AS Tutup Sejumlah Akses Bisnis Militer Myanmar

Sanksi diberlakukan menyusul sikap keras militer Myanmar terhadap demonstran.

AP
Pengunjuk rasa anti-kudeta melepaskan alat pemadam kebakaran untuk melawan dampak gas air mata yang ditembakkan oleh polisi selama demonstrasi di Yangon, Myanmar, Kamis, 4 Maret 2021. Para pengunjuk rasa di Myanmar yang memprotes kudeta militer bulan lalu kembali ke jalan-jalan pada hari Kamis, tidak gentar oleh pembunuhan sedikitnya 38 orang pada hari sebelumnya oleh pasukan keamanan.
Rep: Lintar Satria Red: Teguh Firmansyah

REPUBLIKA.CO.ID, WASHINGTON -- Amerika Serikat (AS) mengungkapkan langkah baru untuk menghukum militer Myanmar atas kudeta 1 Februari lalu. AS memblokir sejumlah perdagangan Kementerian Pertahanan, Dalam Negeri dan perusahaan militer Myanmar.

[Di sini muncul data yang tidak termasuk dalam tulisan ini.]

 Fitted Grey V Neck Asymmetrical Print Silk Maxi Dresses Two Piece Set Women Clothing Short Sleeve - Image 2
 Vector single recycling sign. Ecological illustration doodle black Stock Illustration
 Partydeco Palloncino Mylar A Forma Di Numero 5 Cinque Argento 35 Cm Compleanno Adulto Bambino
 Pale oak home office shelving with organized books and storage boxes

Washington juga melarang Myanmar mengekspor barang-barang yang digunakan untuk militer atau disebut military end use. Sehingga mereka harus mendapatkan lisensi yang sulit diperoleh untuk mengirim komoditas tertentu ke AS.

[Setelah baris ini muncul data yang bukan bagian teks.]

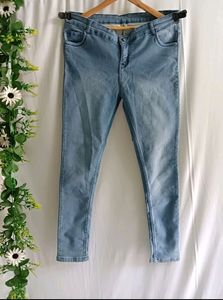 ✨ Slim Fit Light Blue Jeans Plus size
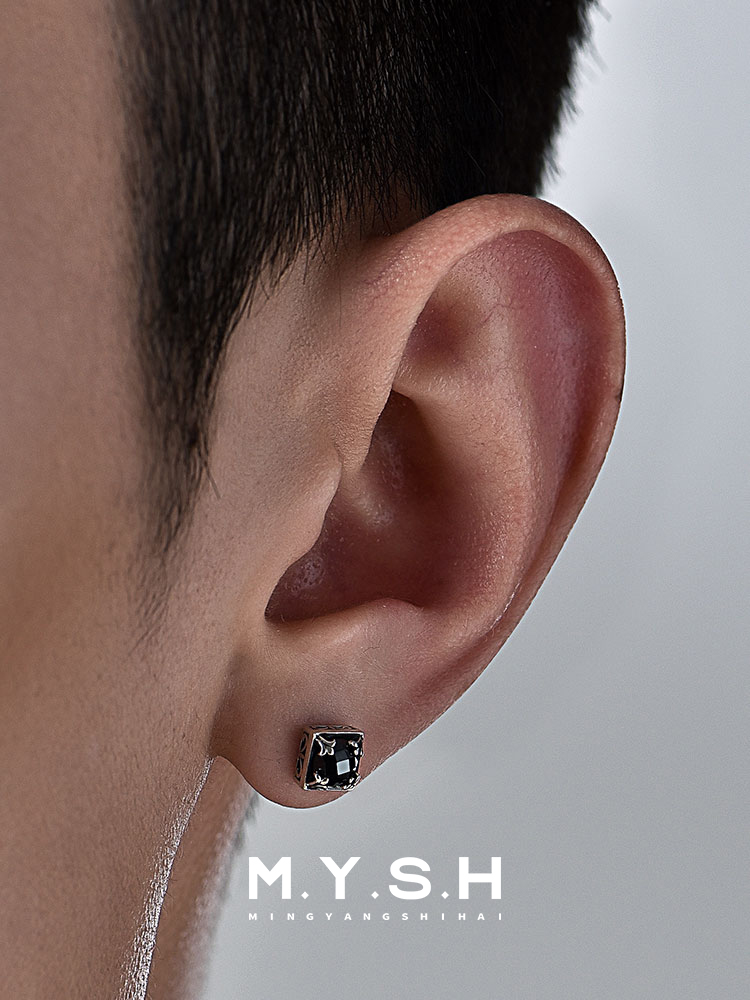 S925 Silver Black Onyx Fleur-de-Lis Square Stud Earrings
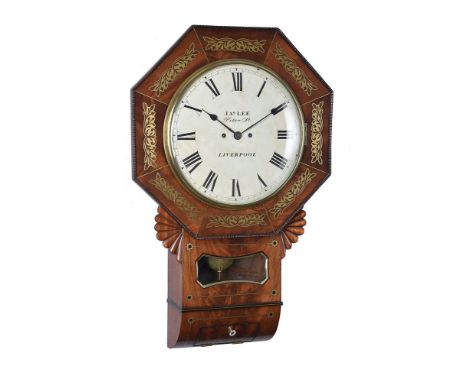 A George IV brass inlaid mahogany hour striking drop-dial fusee wall clock   The dial signed for James Lee, Liverpool, circa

Langkah ini diambil saat militer Myanmar mengintensifkan penindakan keras terhadap pengunjuk rasa damai yang memprotes kudeta dan penahanan Kanselir Negara Aung San Suu Kyi serta politisi lainnya. Di sejumlah kota polisi membubarkan massa dengan gas air mata dan tembakan peluru tajam.

PBB mengatakan sejak awal kudeta setidaknya sudah 54 orang tewas. Lebih dari 1.700 orang ditangkap termasuk 29 orang jurnalis.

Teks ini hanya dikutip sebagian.